═════ Information given

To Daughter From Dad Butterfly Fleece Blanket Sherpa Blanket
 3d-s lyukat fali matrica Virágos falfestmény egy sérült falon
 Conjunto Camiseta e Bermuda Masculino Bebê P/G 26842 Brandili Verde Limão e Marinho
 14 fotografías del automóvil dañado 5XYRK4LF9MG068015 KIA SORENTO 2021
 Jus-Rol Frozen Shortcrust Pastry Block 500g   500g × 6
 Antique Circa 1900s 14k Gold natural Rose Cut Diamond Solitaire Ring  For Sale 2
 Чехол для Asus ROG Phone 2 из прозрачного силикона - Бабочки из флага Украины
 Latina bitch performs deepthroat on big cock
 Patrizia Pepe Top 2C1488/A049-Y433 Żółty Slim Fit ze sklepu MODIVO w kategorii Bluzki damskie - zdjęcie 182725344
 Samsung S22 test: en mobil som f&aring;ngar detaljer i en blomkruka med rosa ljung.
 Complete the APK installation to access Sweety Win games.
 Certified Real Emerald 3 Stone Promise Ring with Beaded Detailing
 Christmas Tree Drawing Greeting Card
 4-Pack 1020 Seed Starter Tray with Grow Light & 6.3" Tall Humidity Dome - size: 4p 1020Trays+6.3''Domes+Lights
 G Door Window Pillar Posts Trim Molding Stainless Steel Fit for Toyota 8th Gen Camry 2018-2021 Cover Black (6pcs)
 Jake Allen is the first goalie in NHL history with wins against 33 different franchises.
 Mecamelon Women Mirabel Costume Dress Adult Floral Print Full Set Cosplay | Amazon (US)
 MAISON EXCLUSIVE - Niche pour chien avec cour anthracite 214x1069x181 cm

══════════

▶ **What is required**: Exactly as they stand above, write out the entries.

▶ **Task solution**:
To Daughter From Dad Butterfly Fleece Blanket Sherpa Blanket
 3d-s lyukat fali matrica Virágos falfestmény egy sérült falon
 Conjunto Camiseta e Bermuda Masculino Bebê P/G 26842 Brandili Verde Limão e Marinho
 14 fotografías del automóvil dañado 5XYRK4LF9MG068015 KIA SORENTO 2021
 Jus-Rol Frozen Shortcrust Pastry Block 500g   500g × 6
 Antique Circa 1900s 14k Gold natural Rose Cut Diamond Solitaire Ring  For Sale 2
 Чехол для Asus ROG Phone 2 из прозрачного силикона - Бабочки из флага Украины
 Latina bitch performs deepthroat on big cock
 Patrizia Pepe Top 2C1488/A049-Y433 Żółty Slim Fit ze sklepu MODIVO w kategorii Bluzki damskie - zdjęcie 182725344
 Samsung S22 test: en mobil som f&aring;ngar detaljer i en blomkruka med rosa ljung.
 Complete the APK installation to access Sweety Win games.
 Certified Real Emerald 3 Stone Promise Ring with Beaded Detailing
 Christmas Tree Drawing Greeting Card
 4-Pack 1020 Seed Starter Tray with Grow Light & 6.3" Tall Humidity Dome - size: 4p 1020Trays+6.3''Domes+Lights
 G Door Window Pillar Posts Trim Molding Stainless Steel Fit for Toyota 8th Gen Camry 2018-2021 Cover Black (6pcs)
 Jake Allen is the first goalie in NHL history with wins against 33 different franchises.
 Mecamelon Women Mirabel Costume Dress Adult Floral Print Full Set Cosplay | Amazon (US)
 MAISON EXCLUSIVE - Niche pour chien avec cour anthracite 214x1069x181 cm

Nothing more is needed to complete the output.